## Merge all csv files

In [3]:
import pandas as pd
import os

def merge_csv_files(directory_path, output_file):
    # List to hold data from each CSV file
    dataframes = []

    # Loop through all files in the directory
    for filename in os.listdir(directory_path):
        if filename.endswith('.csv'):
            # Construct full file path
            file_path = os.path.join(directory_path, filename)
            # Read the CSV file and append to the list
            print(file_path)
            df = pd.read_csv(file_path)
            dataframes.append(df)

    # Concatenate all dataframes in the list
    merged_df = pd.concat(dataframes, ignore_index=True)

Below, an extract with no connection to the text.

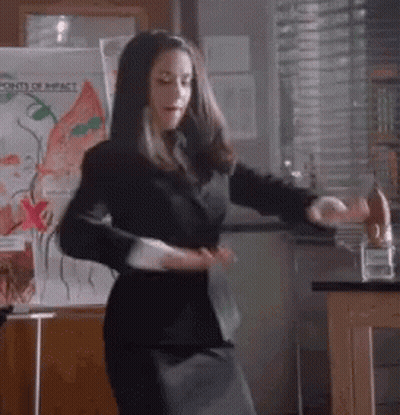 Woman In Black Suit Dancing Before Points Of Impact Board GIF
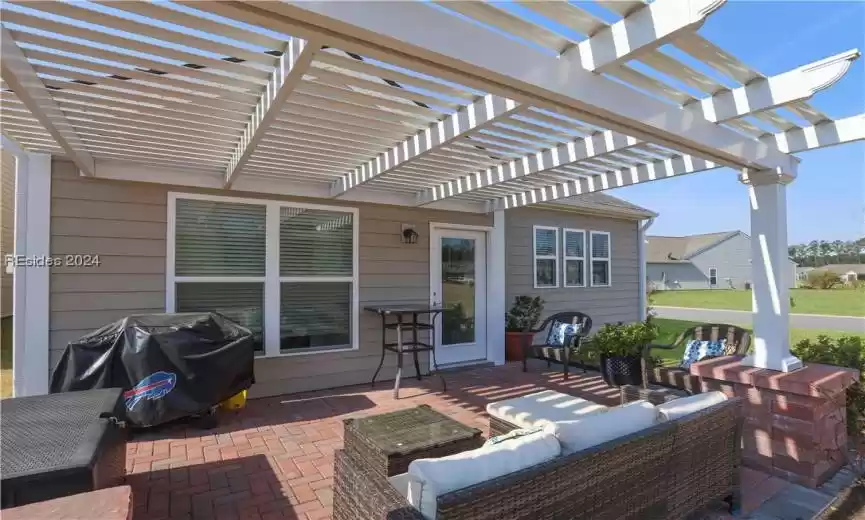View of patio featuring a grill, a natural gas stub for a grill and an aluminum pergola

    # Write the merged dataframe to a new CSV file
    merged_df.to_csv(output_file, index=False)
    print(f"All CSV files have been merged into {output_file}")

# Usage
directory_path = '/Users/jonathanzeh/Library/CloudStorage/OneDrive-Personal/BA_Thesis/BA_coding/datasets/eikon_data/fund_holdings_data/raw_data'  # Update this path to the directory containing your CSV files
output_file = '/Users/jonathanzeh/Library/CloudStorage/OneDrive-Personal/BA_Thesis/BA_coding/datasets/eikon_data/fund_holdings_data/merged_holdings.csv'  # Update this path to where you want the merged CSV to be saved
merge_csv_files(directory_path, output_file)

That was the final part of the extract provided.